To quantify fluorescence predictability, as shown in Fig. 3F, we compared the result from 100 single shocks at low frequency (filled circles, same data as Fig. 3E) with that obtained by giving 100 shocks at high frequency (continuous line), which predicted hot spot locations accurately. Clearly the single shock data (filled circles) fell closer to an even distribution (difference indicated by E) than to that predicted by the high frequency stimulation (difference indicated by P). A similar result was obtained with five stimuli (Fig. 3G). Finally, we calculated for all trains (1–3000 stimuli) a ‘hot spot prediction factor’ (Fig. 3H), based on a simple sum of squares (equation in Fig. 3H where E and P are as shown in Fig. 3F). The hot spot prediction curve in Fig. 3H shows a distinct threshold, with 1–5 shocks showing no hot spot predictive ability, but trains of 25–3000 stimuli showing excellent predictive ability. It thus appears that something happens between five and 25 stimuli at high frequency to ‘turn on’ hot spot locations. These results also suggest that hot spots do not arise from clustering of fusion sites (assuming these sites are identical and independent in their behavior – see Discussion). Otherwise, hot spot locations should have emerged from the averaged responses to one or a few stimuli.

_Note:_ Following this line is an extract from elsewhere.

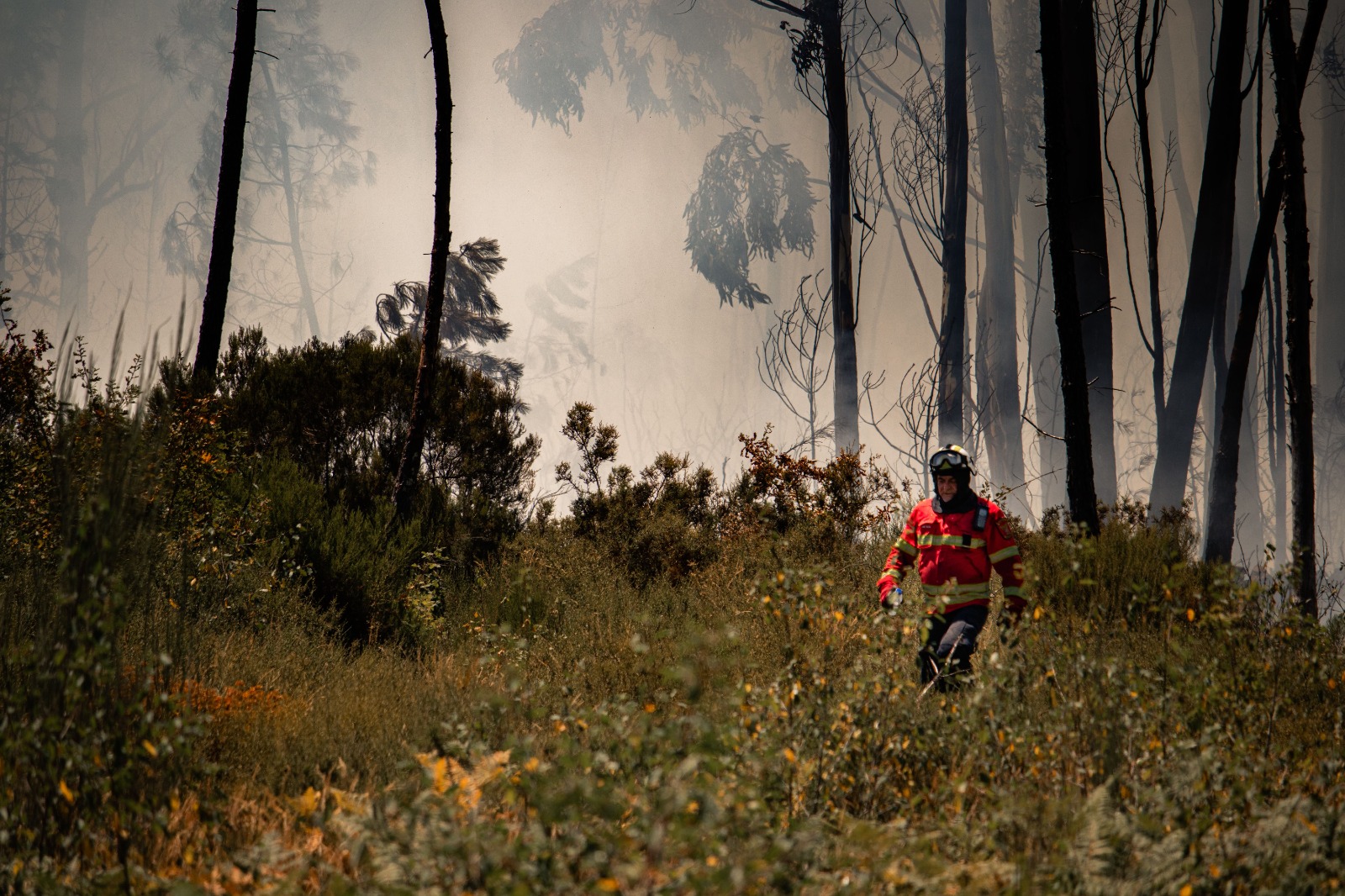 Fenómeno de El Niño podría afectar la movilidad de mercancías y elevar los costos logísticos en Colombia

Analysis of ‘hot pixels’ confirms the equal spatial distribution of release after mild stimulation

We next tried to identify specific sites of spH release in response to a single shock. Figure 4A shows responses of two exemplar pixels to repeated single shocks given every six frames (vertical lines). The obvious signal to noise problem prevented detection of any clear response to the shock. However, when the repeated six frames were averaged and plotted (Fig. 4B), the response to stimulation became quite visible.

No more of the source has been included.